A Química postularia que cerca de 99% do humano é formado por oxigênio, carbono, hidrogênio, nitrogênio, cálcio e fósforo.
Em complemento à teoria química, o poeta nordestino e possivelmente biólogo autodidata, Wesley Oliveira da Silva, o Safadão, diria em uma famosa composição que aquele 1% restante é vagabundo.
Já Sócrates, no campo filosófico, enfatizava que o humano é feito de racionalidade, enquanto Platão afirmava que é de alma.
No livro “Os Irmãos Karamázov”, o russo Dostoievski nos fala que o homem é feito de um vazio do tamanho de Deus.
Isso é curioso, uma vez que as escrituras sagradas do livro de Gênesis revelam que o ser humano é feito “à imagem e semelhança de Deus”.
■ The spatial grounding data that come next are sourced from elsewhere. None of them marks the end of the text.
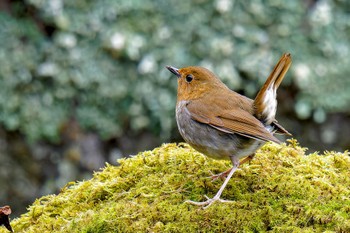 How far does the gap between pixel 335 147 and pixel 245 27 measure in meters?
1.70

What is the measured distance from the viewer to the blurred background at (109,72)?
715cm

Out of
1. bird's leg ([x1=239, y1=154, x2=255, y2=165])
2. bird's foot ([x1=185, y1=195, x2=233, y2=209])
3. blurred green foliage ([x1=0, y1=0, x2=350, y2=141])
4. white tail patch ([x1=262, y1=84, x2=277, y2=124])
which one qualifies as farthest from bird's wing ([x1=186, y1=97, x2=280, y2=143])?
blurred green foliage ([x1=0, y1=0, x2=350, y2=141])

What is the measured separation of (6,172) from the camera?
7.20 m

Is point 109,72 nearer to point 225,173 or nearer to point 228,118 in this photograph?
point 228,118

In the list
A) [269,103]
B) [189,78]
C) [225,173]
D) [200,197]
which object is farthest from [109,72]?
[200,197]

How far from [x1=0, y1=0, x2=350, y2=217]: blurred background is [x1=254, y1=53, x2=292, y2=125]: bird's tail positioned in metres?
2.73

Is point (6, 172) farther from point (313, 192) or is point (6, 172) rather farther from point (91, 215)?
point (313, 192)

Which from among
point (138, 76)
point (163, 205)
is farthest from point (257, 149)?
point (138, 76)

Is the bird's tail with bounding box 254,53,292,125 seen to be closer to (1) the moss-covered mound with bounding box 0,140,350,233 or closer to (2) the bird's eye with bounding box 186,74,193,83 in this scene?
(1) the moss-covered mound with bounding box 0,140,350,233

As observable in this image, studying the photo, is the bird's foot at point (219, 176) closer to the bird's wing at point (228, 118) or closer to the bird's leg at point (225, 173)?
the bird's leg at point (225, 173)

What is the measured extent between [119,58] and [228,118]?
10.0ft

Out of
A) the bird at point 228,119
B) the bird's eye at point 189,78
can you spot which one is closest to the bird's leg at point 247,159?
the bird at point 228,119

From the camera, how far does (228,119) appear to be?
14.5 feet

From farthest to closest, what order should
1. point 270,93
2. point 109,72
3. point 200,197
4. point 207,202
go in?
point 109,72, point 270,93, point 200,197, point 207,202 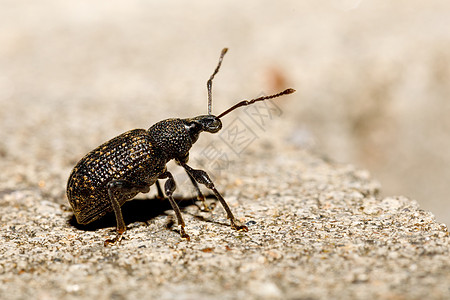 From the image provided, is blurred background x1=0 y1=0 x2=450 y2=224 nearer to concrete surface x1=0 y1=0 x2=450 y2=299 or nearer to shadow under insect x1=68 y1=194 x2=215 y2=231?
concrete surface x1=0 y1=0 x2=450 y2=299

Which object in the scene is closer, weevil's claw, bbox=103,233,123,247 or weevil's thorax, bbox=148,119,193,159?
weevil's claw, bbox=103,233,123,247

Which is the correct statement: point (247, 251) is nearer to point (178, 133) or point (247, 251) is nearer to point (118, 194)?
point (118, 194)

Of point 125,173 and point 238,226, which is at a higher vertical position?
point 125,173

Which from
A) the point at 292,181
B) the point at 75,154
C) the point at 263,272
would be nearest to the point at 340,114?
the point at 292,181

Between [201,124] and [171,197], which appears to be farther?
[201,124]

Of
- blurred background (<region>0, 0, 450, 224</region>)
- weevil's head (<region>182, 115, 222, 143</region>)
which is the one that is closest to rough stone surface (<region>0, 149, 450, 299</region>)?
weevil's head (<region>182, 115, 222, 143</region>)

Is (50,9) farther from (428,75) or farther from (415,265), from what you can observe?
(415,265)

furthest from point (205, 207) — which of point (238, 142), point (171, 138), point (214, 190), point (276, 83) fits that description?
point (276, 83)

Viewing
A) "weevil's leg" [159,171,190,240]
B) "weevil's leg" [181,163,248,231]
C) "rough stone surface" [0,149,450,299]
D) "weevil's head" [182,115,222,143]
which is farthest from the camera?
"weevil's head" [182,115,222,143] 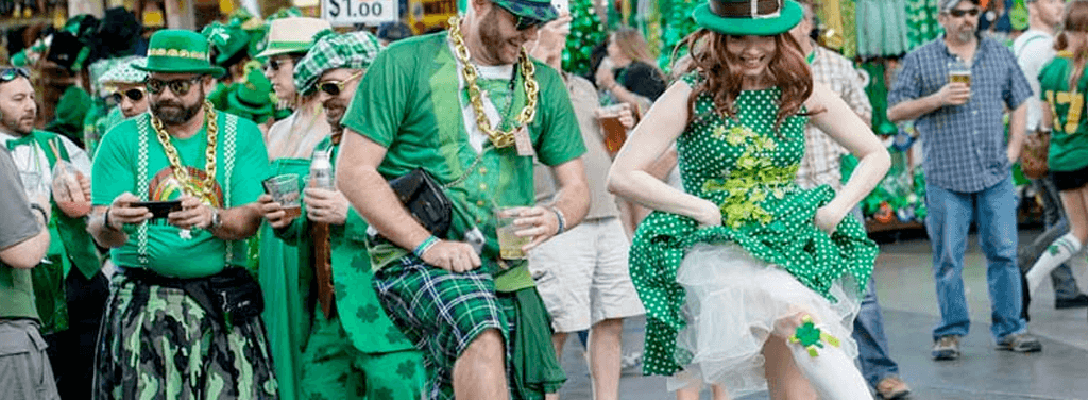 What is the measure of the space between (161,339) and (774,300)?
2.26m

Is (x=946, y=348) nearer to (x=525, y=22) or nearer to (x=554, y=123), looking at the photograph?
(x=554, y=123)

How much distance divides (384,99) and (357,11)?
6.71 m

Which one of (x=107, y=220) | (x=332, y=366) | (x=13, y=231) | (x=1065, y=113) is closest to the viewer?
(x=13, y=231)

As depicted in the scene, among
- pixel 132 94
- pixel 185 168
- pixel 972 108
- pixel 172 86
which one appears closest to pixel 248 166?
pixel 185 168

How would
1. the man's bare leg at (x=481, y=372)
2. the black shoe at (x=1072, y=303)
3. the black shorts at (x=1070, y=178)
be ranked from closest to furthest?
the man's bare leg at (x=481, y=372) → the black shorts at (x=1070, y=178) → the black shoe at (x=1072, y=303)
Mas se somos feitos à imagem e semelhança de Deus e, concomitantemente, temos um vazio do tamanho Dele, seria o Todo-Poderoso um grande vazio? E levando-se em conta que vazio é ausência, é possível cravar que Ele não existe?
Minha tia Zulmira, lá de Seropédica, por muitos anos frequentou a Igreja Deus é Amor.
Se Deus é amor, ao passo que ele também é vazio, seria o amor um sentimento inexistente?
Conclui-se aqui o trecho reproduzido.